Robustness of Generalized Row-Column Designs Against Missing Observation(s)
Authors: Anindita Datta, Seema Jaggi, Eldho Varghese#, Cini Varghese,
Arpan Bhowmik, and Mohd. Harun
ICAR-Indian Agricultural Statistics Research Institute, New Delhi-110012
#ICAR- Central Marine Fisheries Research Institute, Kochi- 682 018


1. Introduction

When the heterogeneity present in the experimental material is from two sources, then two-dimensional blocking or double blocking of the experimental units is recommended for control or reduction of experimental error. The two blocking systems are referred to generally as row blocking and column blocking and the resulting designs are termed as Row-Column (RC) designs. These designs are used to control variability in field and animal experiments. Most of the row-column designs developed in the literature have one unit corresponding to the intersection of each row and column. However, for the instances when the number of treatments is large with limited experimental resources, Generalized Row-Column (GRC) designs are used where there is more than one unit in each row-column intersection. GRC design is an arrangement of v treatments in p rows and q columns such that the intersection of each row and column (cell) consists of more than one unit. Consider an experiment was conducted to compare the colour intensities of apple sauce (Edmondson, 1998).
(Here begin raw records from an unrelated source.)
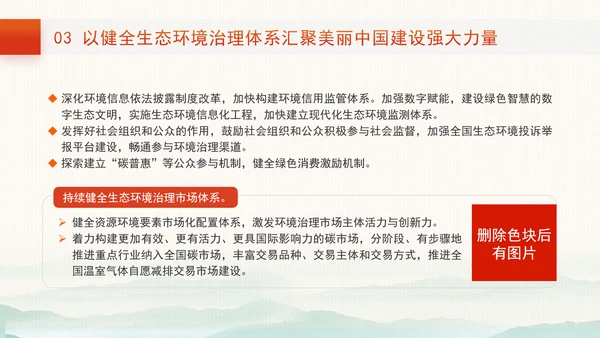 打造青山常在绿水长流空气常新的美丽中国推进新时代生态文明建设党课PPT
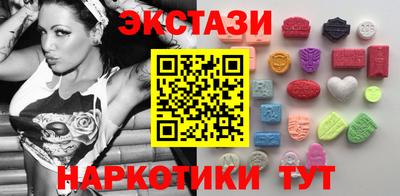 дживик Изобильный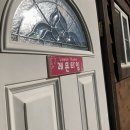 오투펜션 이미지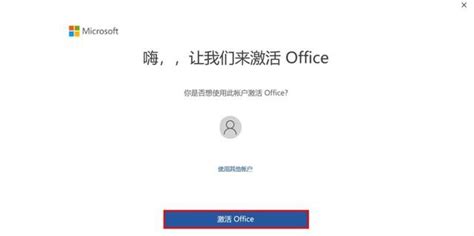 office怎么激活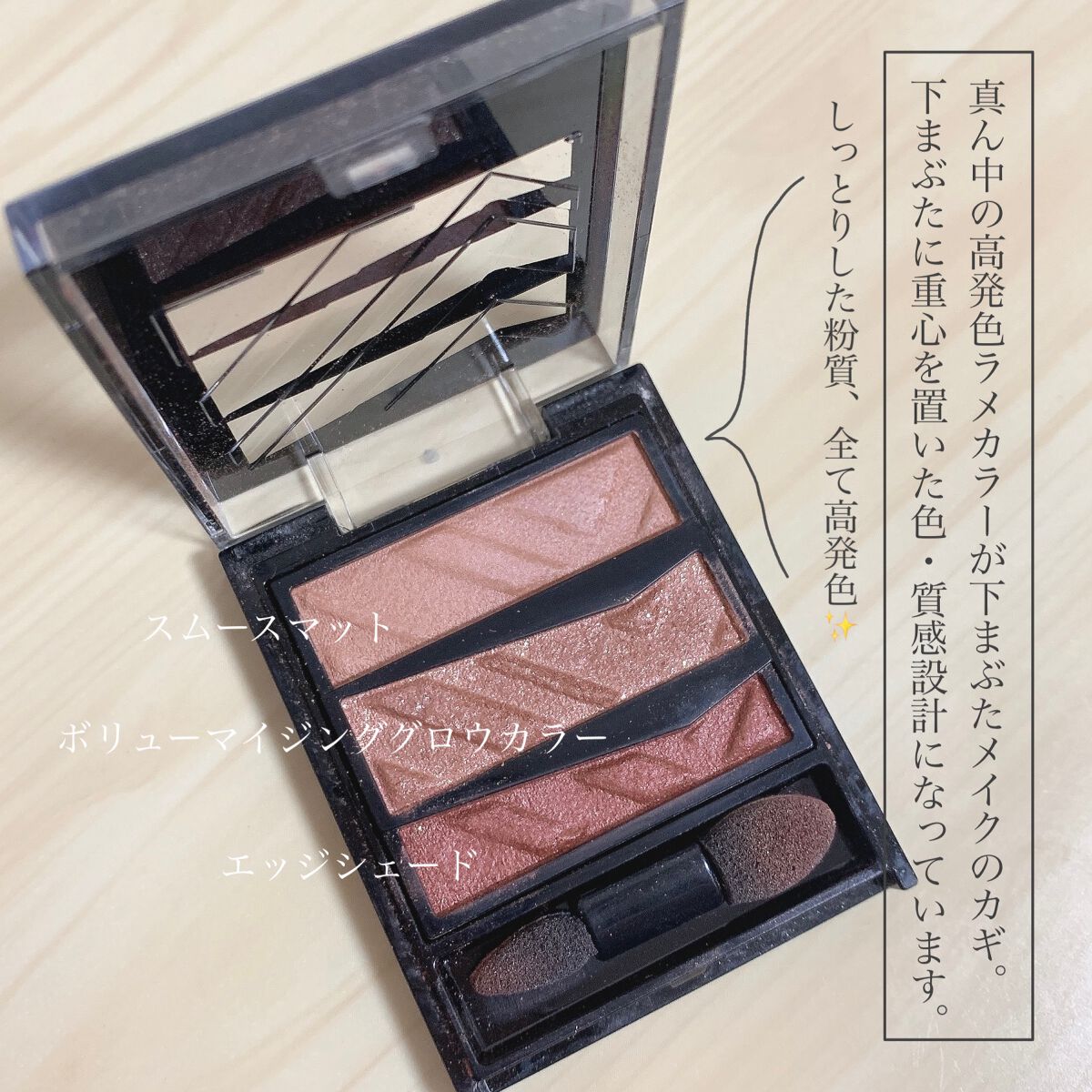 パーツリサイズシャドウ BR-2 ローズブラウン/KATE/アイシャドウパレットを使ったクチコミ（3枚目）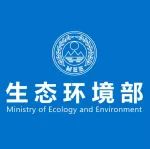 全文實錄丨生態(tài)環(huán)境部部長在2020年全國生態(tài)環(huán)境保護工作會議上的講話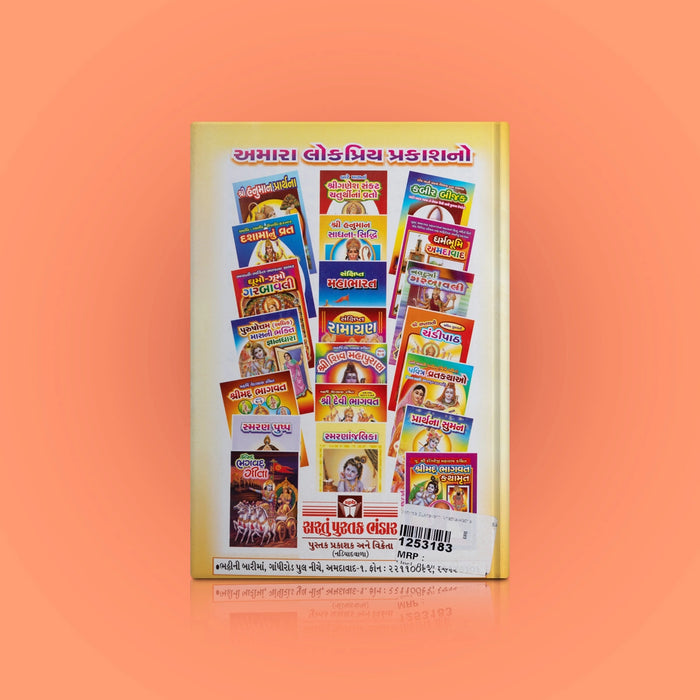 Santhoshima Shukravarni Vratha Katha - Hindi | by Harishbhai Varan/ Hindu Pooja Book - Pooja / Ritual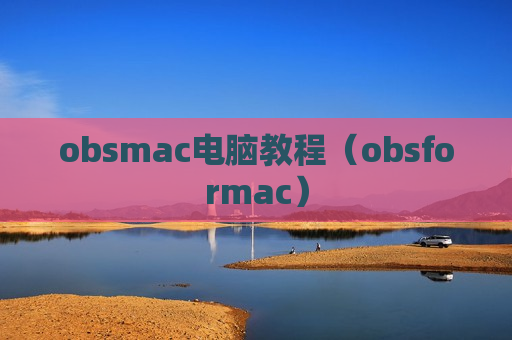 obsmac电脑教程（obsformac）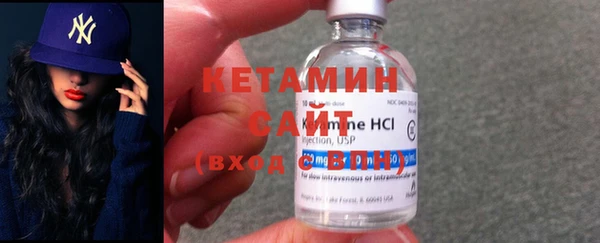 метамфетамин Няндома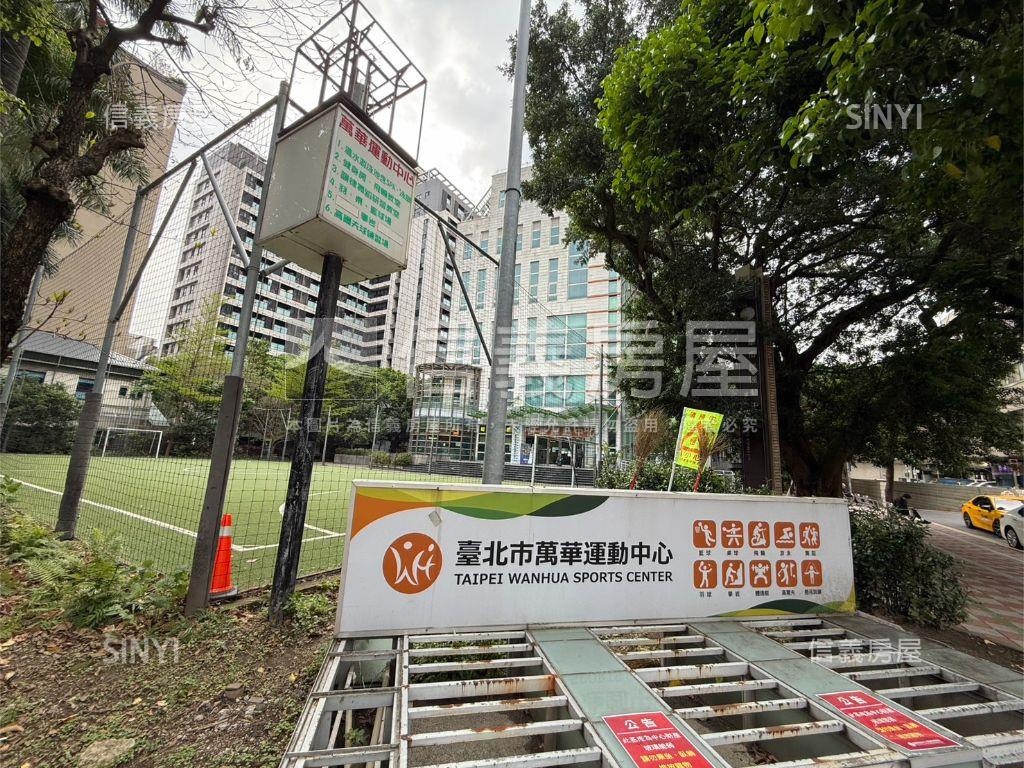 稀有精美採光新碩鼎和房屋室內格局與周邊環境
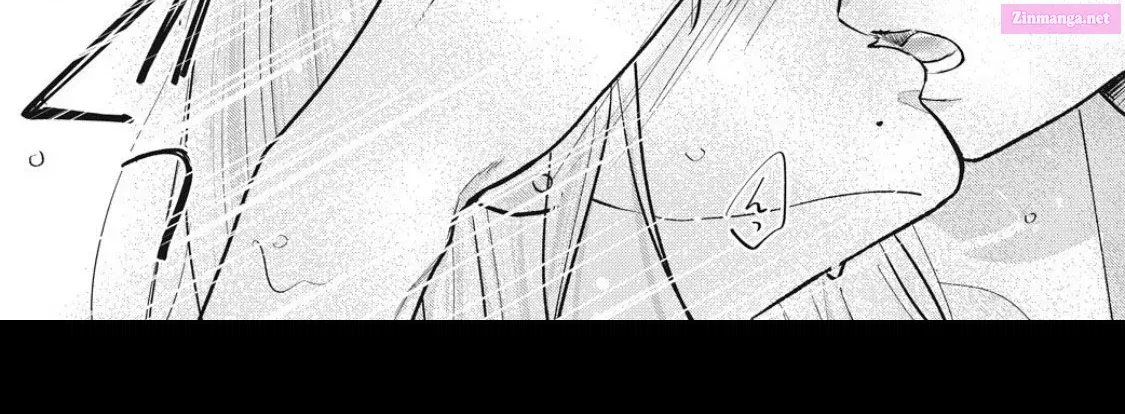 Ore no Koe ni Ochite kudasai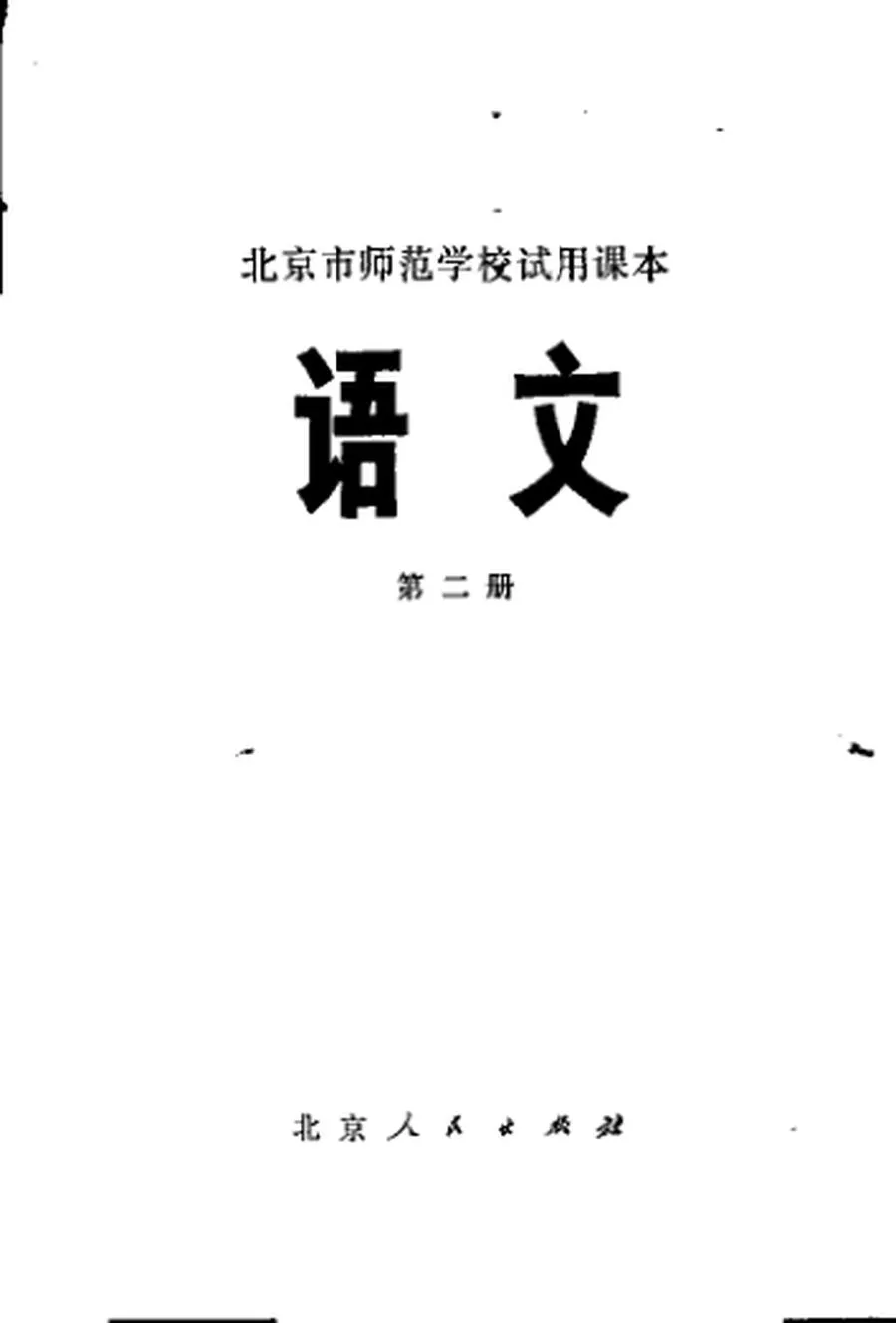 北京师范学校试用语文第2册1975版1975印.webp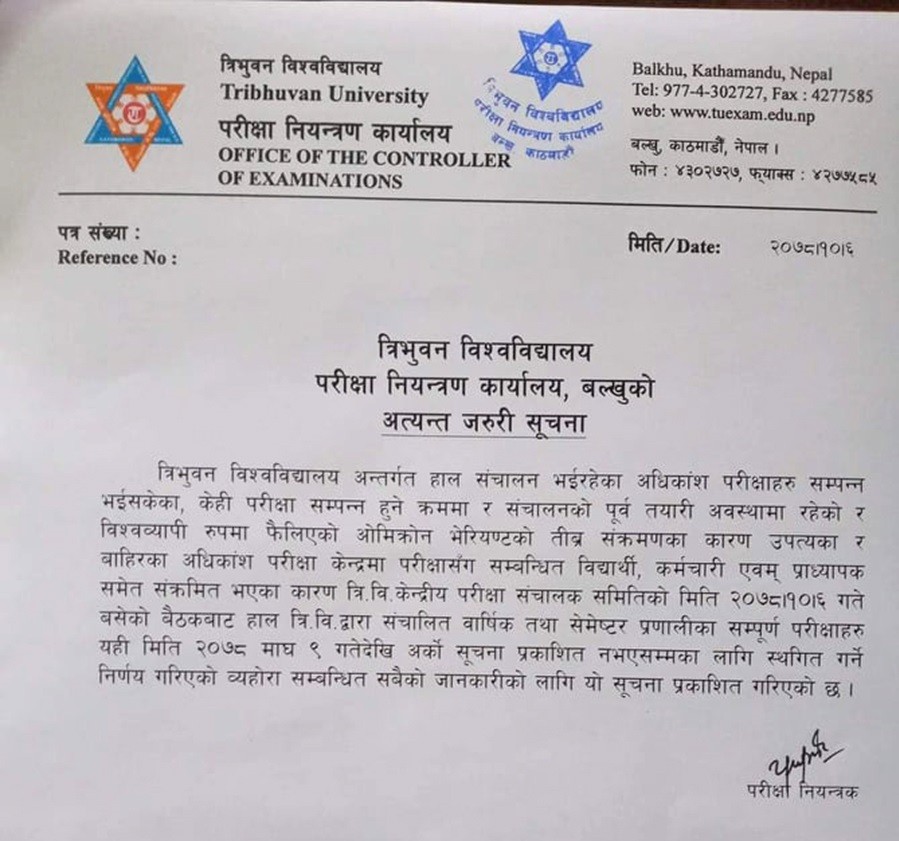 त्रिविका सबै परीक्षा स्थगित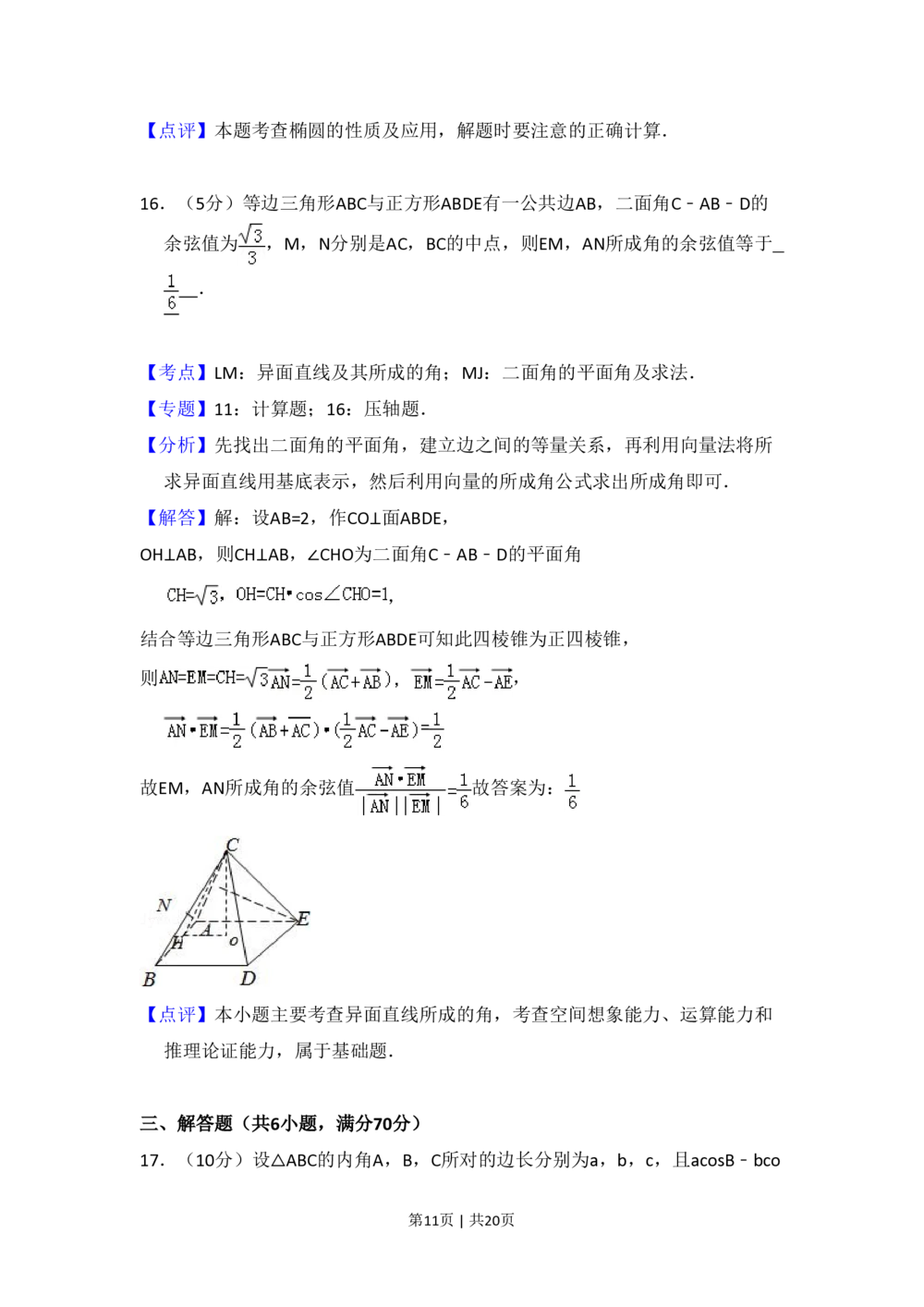 2008年高考数学试卷（理）（全国卷Ⅰ）（解析卷）_历年高考真题合集_数学历年高考真题_新&middot;PDF版2008-2025&middot;高考数学真题_数学（按省份分类）2008-2025_2008-2025&middot;（山西）数学高考真题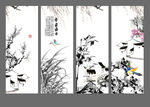 四君子
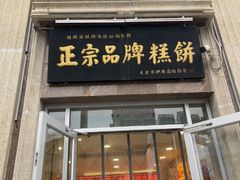 -芦庄子桂顺斋(和平路总店)
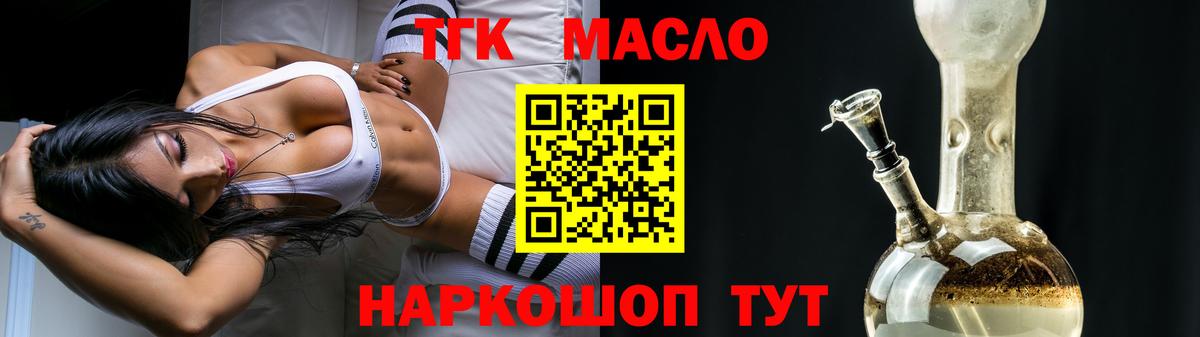 ТГК гашишное масло  Вход с VPN  Дистиллят ТГК жижа  Артёмовский 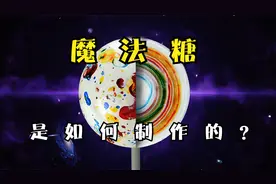 探访魔法糖工厂，2分钟带你了解世界上最硬的糖果是如何制作的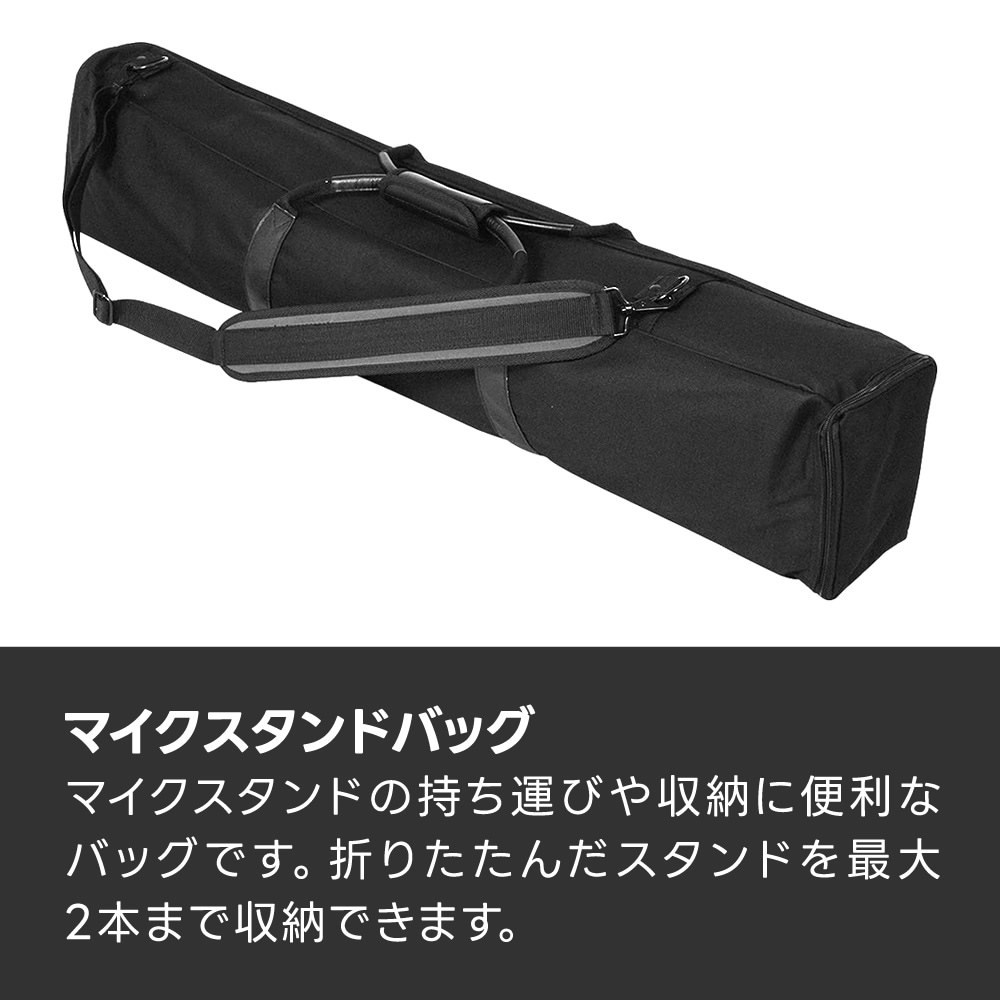 マイクスタンドバッグ MSB-40【2本収納可能仕切り 肩掛けストラップ マイクスタンドケース MSB45】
The treatments consist of all combinations of 12 blends of apple sauce with 4 concentration of cinnamon. Treatments could be stored for 4 different lengths of time. A GRC design as shown below was used in which rows represented cinnamon concentrations, columns as storage times and symbols as blends.

Rows (Cinnamon Concentrations) Columns (Storage Time)
I II III IV
I 1 5 9 2 6 10 3 7 11 4 8 12
II 2 7 10 1 8 9 4 5 12 3 6 11
III 3 8 12 4 7 11 1 6 10 2 5 9
IV 4 6 11 3 5 12 2 8 9 1 7 10
These designs are studied in the literature in different names such as Semi-Latin square in which there are n rows, n columns and intersection of each row and column contains a cell of k units [Bailey and Monod (2001)], Trojan square [Bailey (1988,1992), Edmonson (1998,2002)], Generalized incomplete Trojan-type designs [Jaggi et al. (2010, 2016)]and Row-column designs with multiple units per cell [Datta et al. (2014, 2015,2016)].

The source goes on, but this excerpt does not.